Each data point in the diagram has an error associated with its distance from the regression line. The coefficients a and b in the regression equation adjust the angle and location of the regression line. You can obtain the regression equation by adjusting a and b until the sum of the errors that are associated with all the points reaches its minimum.

There are other kinds of regression that use multiple variables, and also nonlinear methods of regression. However, linear regression is a useful and well-known method for modeling a response to a change in some underlying factor.

Example

You can use linear regression to determine a relationship between two continuous columns. For example, you can use linear regression to compute a trend line from manufacturing or sales data. You could also use the linear regression as a precursor to development of more complex data mining models, to assess the relationships among data columns.

Although there are many ways to compute linear regression that do not require data mining tools, the advantage of using the Microsoft Linear Regression algorithm for this task is that all the possible relationships among the variables are automatically computed and tested. You do not have to select a computation method, such as solving for least squares. However, linear regression might oversimplify the relationships in scenarios where multiple factors affect the outcome.

How the Algorithm Works

The Microsoft Linear Regression algorithm is a variation of the Microsoft Decision Trees algorithm. When you select the Microsoft Linear Regression algorithm, a special case of the Microsoft Decision Trees algorithm is invoked, with parameters that constrain the behavior of the algorithm and require certain input data types. Moreover, in a linear regression model, the whole data set is used for computing relationships in the initial pass, whereas a standard decision trees model splits the data repeatedly into smaller subsets or trees.

Data Required for Linear Regression Models

When you prepare data for use in a linear regression model, you should understand the requirements for the particular algorithm. This includes how much data is needed, and how the data is used. The requirements for this model type are as follows:

  • A single key column   Each model must contain one numeric or text column that uniquely identifies each record. Compound keys are not permitted.

  • A predictable column   Requires at least one predictable column. You can include multiple predictable attributes in a model, but the predictable attributes must be continuous numeric data types.
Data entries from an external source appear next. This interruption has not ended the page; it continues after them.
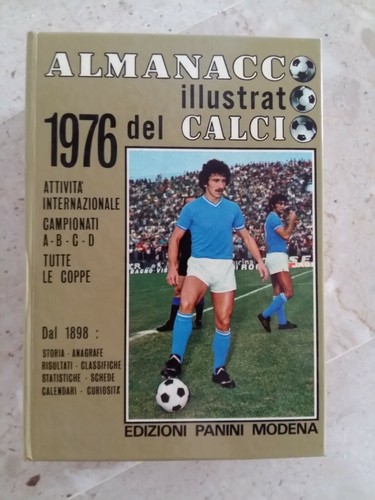 Almanacco illustrato del - almanacco,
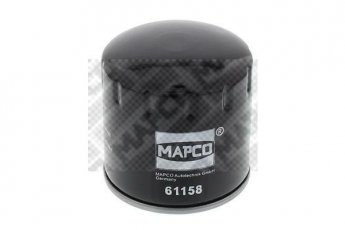 Купити 61158 MAPCO Масляний фільтр  Кліо
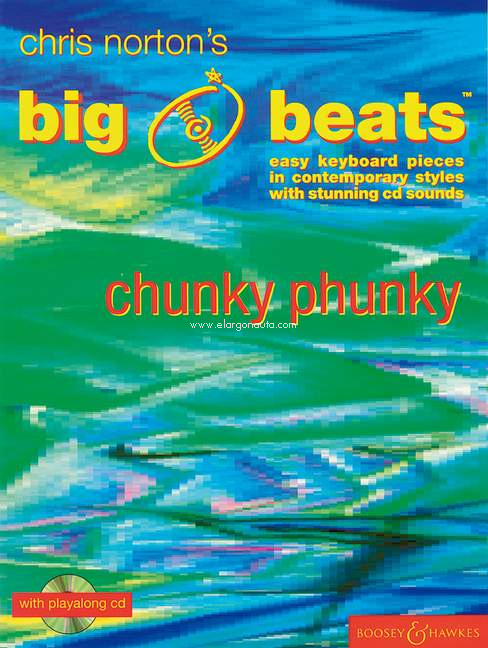 Big Beats: Chunky Phunky, Piano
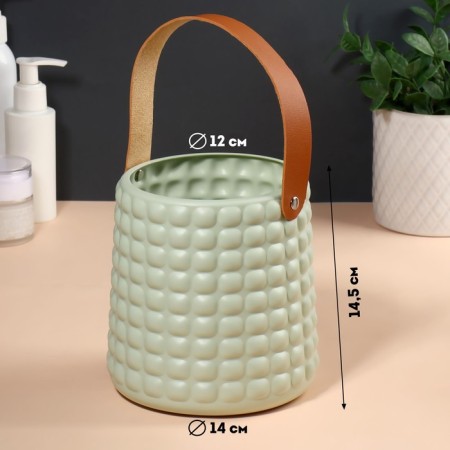 Storage stand, 14.5 × 14.5 × 15 cm, color mix-1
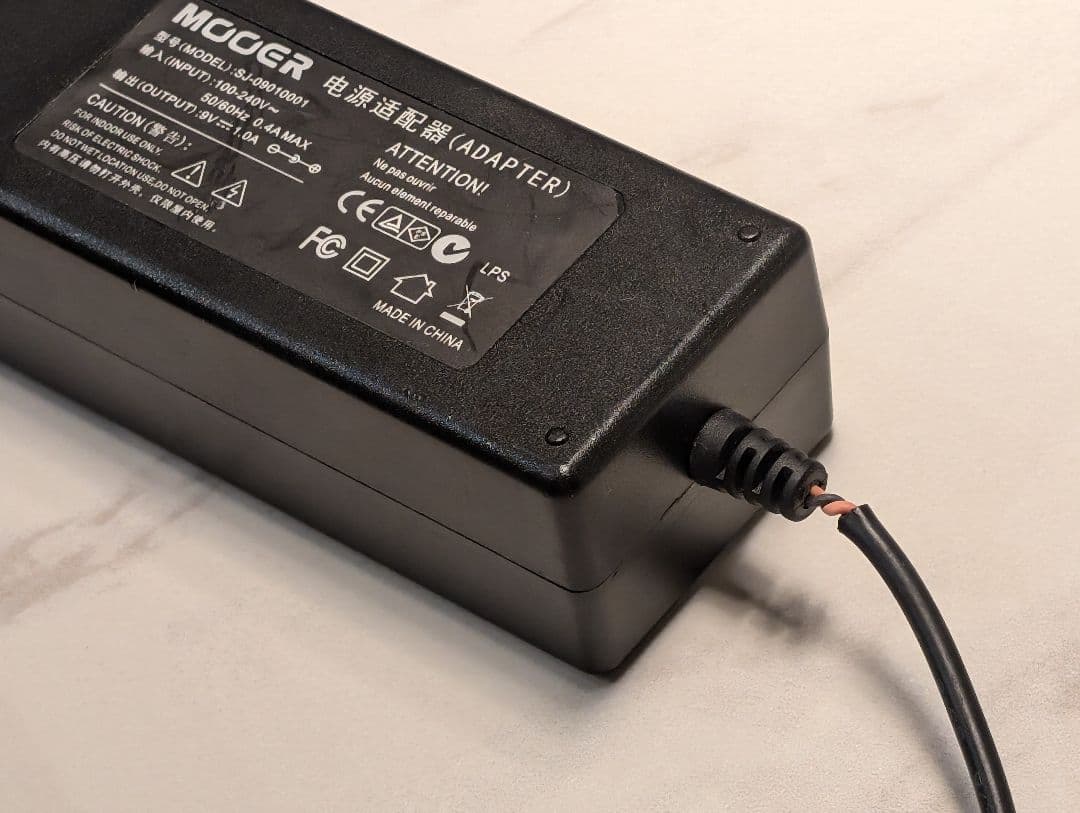 Mooer GE200 ギターエフェクター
You cannot use a datetime data type as a predictable attribute even if the native storage for the data is numeric.

  • Input columns   Input columns must contain continuous numeric data and be assigned the appropriate data type.
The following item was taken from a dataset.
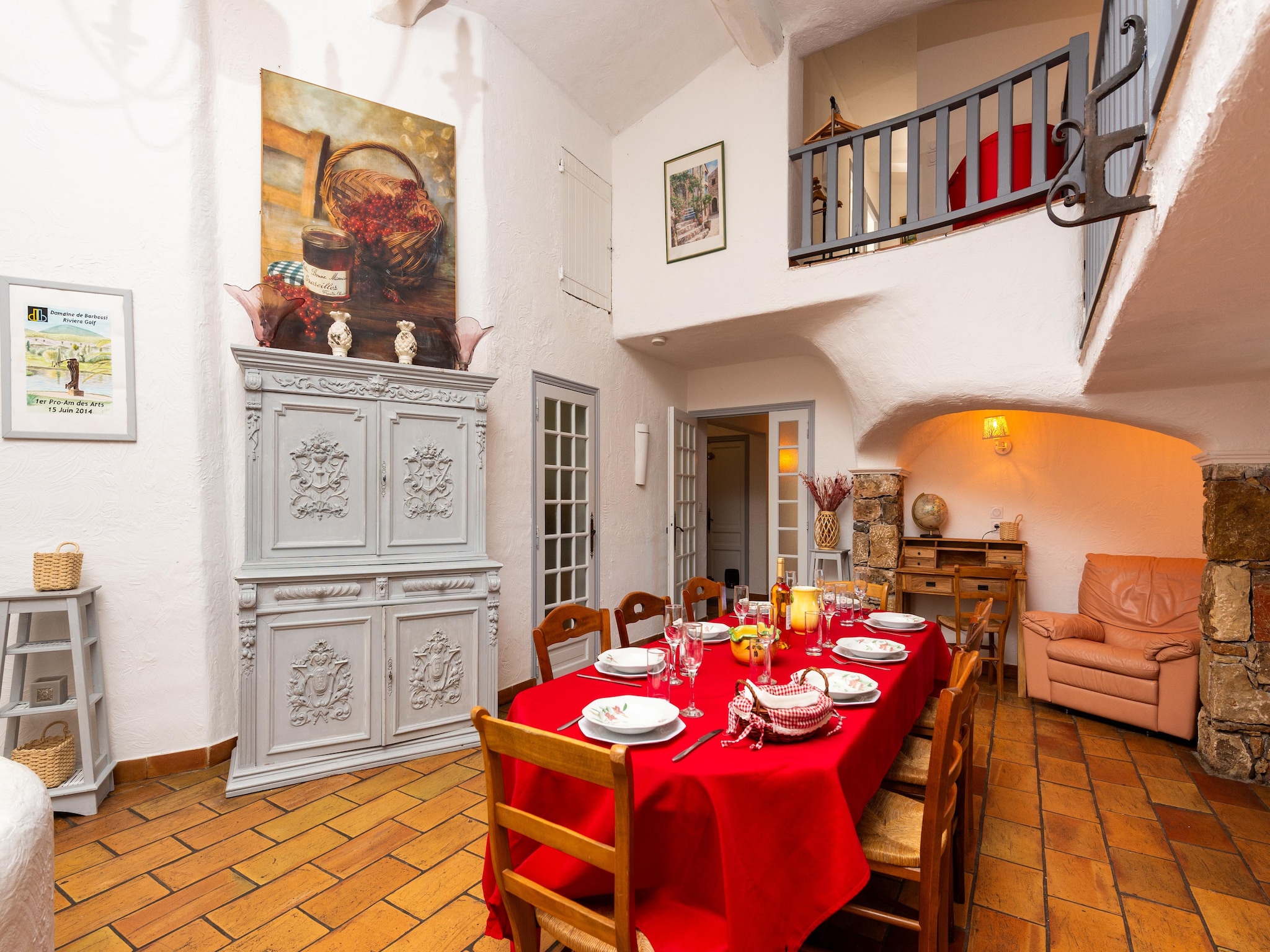 Vakantiehuis Maison de Campagne Mouans Sartoux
For more information, see the Requirements section of Microsoft Linear Regression Algorithm Technical Reference.

Viewing a Linear Regression Model

To explore the model, you use the Microsoft Tree Viewer. The tree structure for a linear regression model is very simple, with all the information about the regression equation contained in a single node. For more information, see Viewing a Mining Model with the Microsoft Tree Viewer.

If you want to know more detail about the equation, you can also view the coefficients and other details by using the Microsoft Generic Content Tree Viewer.

For a linear regression model, the model content includes metadata, the regression formula, and statistics about the distribution of input values. For more information, see Mining Model Content for Linear Regression Models (Analysis Services - Data Mining).

Creating Predictions

After the model has been processed, the results are stored as a set of statistics together with the linear regression formula, which you can use to compute future trends. For examples of queries to use with a linear regression model, see Querying a Linear Regression Model (Analysis Services - Data Mining).

For general information about how to create queries against mining models, see Querying Data Mining Models (Analysis Services - Data Mining).

In addition to creating a linear regression model by selecting the Microsoft Linear Regression algorithm, if the predictable attribute is a continuous numeric data type, you can create a decision tree model that contains regressions. In this case, the algorithm will split the data when it finds appropriate separation points, but for some regions of data, will create a regression formula instead. For more information about regression trees within a decision trees model, see Mining Model Content for Decision Tree Models (Analysis Services - Data Mining).

Remarks

  • Does not support the use of Predictive Model Markup Language (PMML) to create mining models.

  • Does not support the creation of data mining dimensions.

  • Supports drillthrough.

  • Supports the use of OLAP mining models.